Short web captions:
------------------------------------------------------------------------

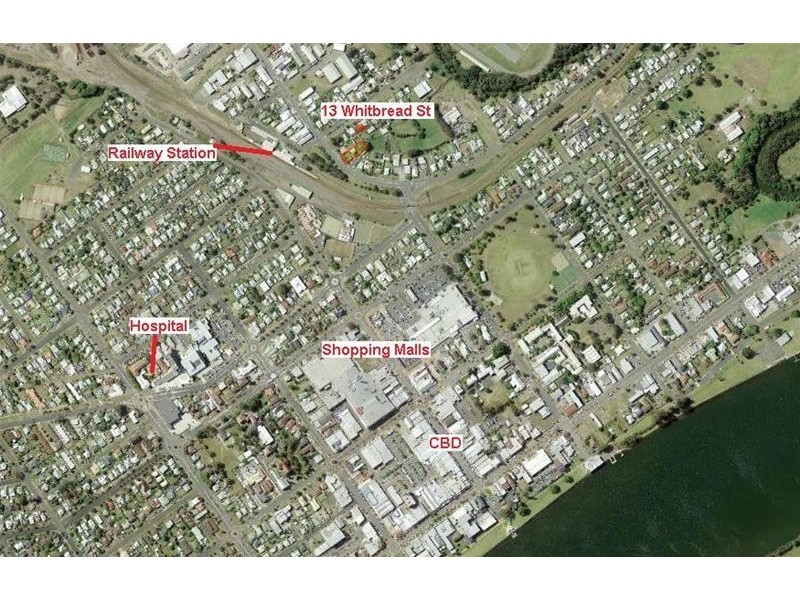 13 Whitbread Street, Taree NSW 2430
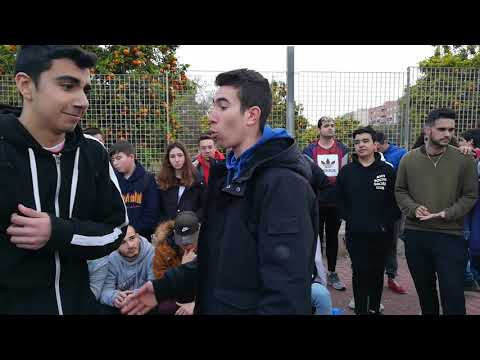 Nifty vs Gorreta (CUARTOS) - 1ª Clasificatoria Mucho Mas CTFrees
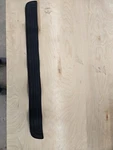 Car Rear Bumper Protector Guard Anti-scratch Rubber Strip For Most Vehicles. Fixed Price $12.99.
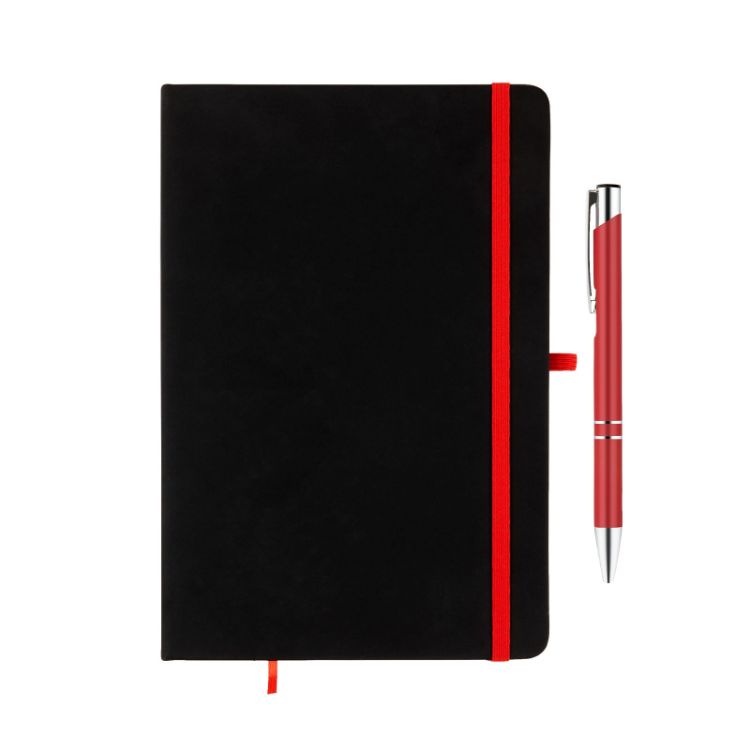 Picture of Venture Supreme Notebook / Napier Pen
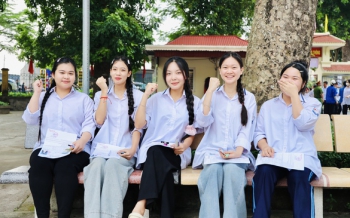 Xét tuyển đại học năm 2026: Chính thức mở đăng ký nguyện vọng đợt 1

------------------------------------------------------------------------

- **ASSIGNMENT**: Every line from the one containing "Nifty vs Gorreta" through the end of the entries above, both included, should be extracted exactly, with pictures left out.

- **COMPLETED EXERCISE**:
 Nifty vs Gorreta (CUARTOS) - 1ª Clasificatoria Mucho Mas CTFrees
 Car Rear Bumper Protector Guard Anti-scratch Rubber Strip For Most Vehicles. Fixed Price $12.99.
 Picture of Venture Supreme Notebook / Napier Pen
 Xét tuyển đại học năm 2026: Chính thức mở đăng ký nguyện vọng đợt 1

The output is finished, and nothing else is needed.